LSE/ロンドン留学記 (LT Week 5)

今学期前半最後の1週間。
イギリスで過ごしたMTの前半と比べると、精神的にも肉体的にも安定して過ごせた。
MTは慣れない環境で、1人で、COVID-19の状況下で、天気も曇りがちな中で、いろんな要因で結構ストレスが溜まっていたのだろう。
日本で過ごしたこの半学期は勉強にすごく集中できたかと言われると自信は無いけど、でも穏やかには過ごせた。

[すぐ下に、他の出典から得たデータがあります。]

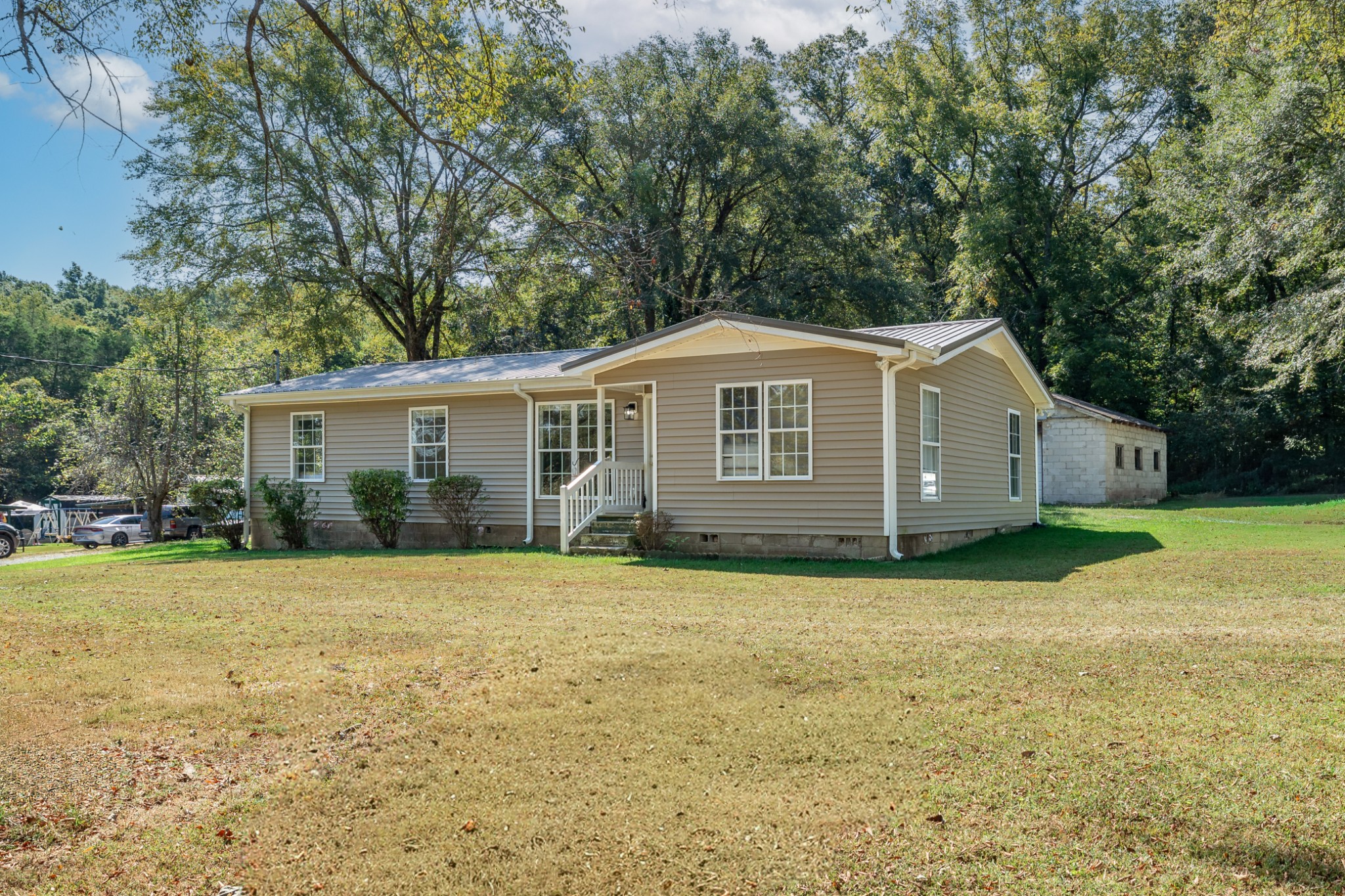 2027 Mines Rd Property Photo 1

前半を振り返って、East Asiaの授業は、Shin先生がsupportiveで授業内容がわかりやすいからか、MTで学んだ理論や基礎知識が東アジアという身近な場所に落とし込まれているから、非常に有意義だ。
一方で2学期通して行われているResearch Studioの方は、オンライン中心になったせいでグループワークのメリットが生かされていない。
今学期のテーマは、infrastructure of careという内容で、自分のバックグラウンドには非常に合致するものだが、あまりその強みを活かせなかったなぁと思う。

<Cities and Social Change in East Asia>The Politics of Displacement
巨大都市が形成される過程では必ずdisplacementが行われる。ただ、displacementというのは中国語・韓国語・日本語いずれにもそれに当てはまる単語が存在していない。

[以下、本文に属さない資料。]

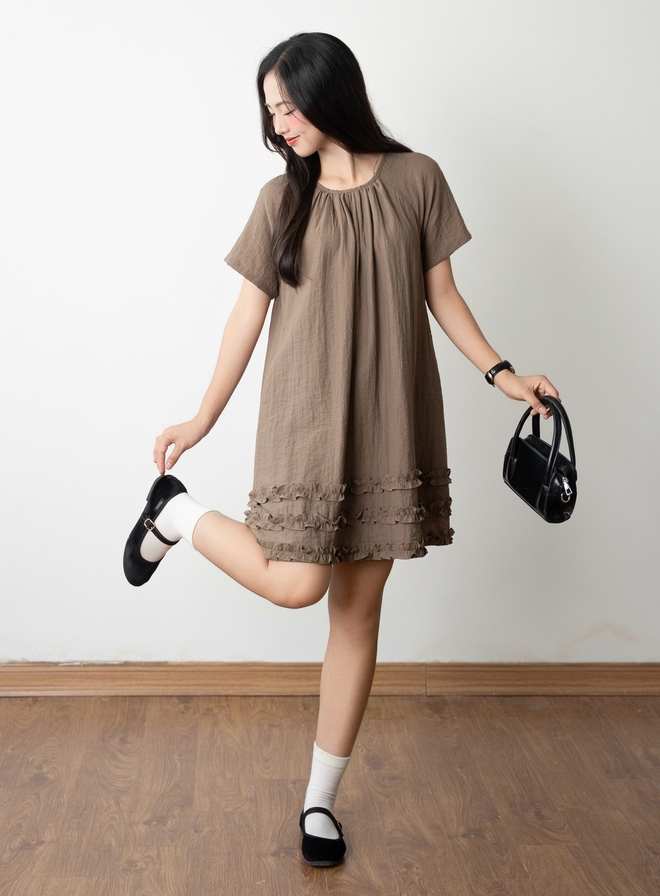 Năm ý tưởng đầm midi cho nàng mặc đẹp từ nhà xuống phố - Ảnh 8.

displacementの研究というのは非常に難しい。難しさゆえに議論も十分されていない。displacementというテーマ自体がdisplacementされているという意見もある。

まず、どういう人を調べる対象とするか、という問題。中国には住民として登録されていない国内移民が多数いる。そういう人たちは、実際には立ち退きをさせられていても、住民票が無いから把握ができていない。displacementされた人は、どこか別の場所に移動していってしまうので、その集団を追いかけるのが難しい、という点もある。

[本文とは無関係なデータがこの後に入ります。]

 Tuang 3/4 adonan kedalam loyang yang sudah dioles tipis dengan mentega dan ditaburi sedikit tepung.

様々なタイプのdisplacementがある、という事も認識していないといけない。
多くの研究は、最終的にdisplacementの対象になった人たちのみをカウントしており、これはlast-resident displacementと呼ばれる。しかし、displacementは何年もかけて行われるものであり、最終決定するまでの間に人々は自主的に出入りしており、誰が本当に最後に残った人なのか、誰が途中の過程で出ていったのかを把握する事は難しい。
また、displacementの対象となっていない周辺部に住んでいる人々も、十分な生活インフラが無くなる事や価格上昇により排斥されたり(chain displacement)、馴染みの店が無くなったり近所の人がみんないなくなったら自主的に出て行かざるを得なくなる(phenomenological/symbolic/un-homing displacement)。
exclusionary displacementは、その地域がdisplacementの対象地域でなくても、displacementによって他の地域から人々が流入してくる事により、地価が上昇し、結果的に人々が出て行かざるを得なくなる現象。

また、時間的スケールも重要である。
というのは、立ち退きというのは、実際に立ち退きが宣言される前から始まっているからである。
再開発が行われる、という事は事前に噂が立つので、その時点から人々はすでに自主的に移動をはじめている。
また、立ち退きによる影響というのは、トラウマと同じで長い時間経過で影響し、世代を超えて影響を及ぼしうる。

displacementに働く力は政府主導(警察力)の事もあれば、マーケット主導(価格上昇)の事もある。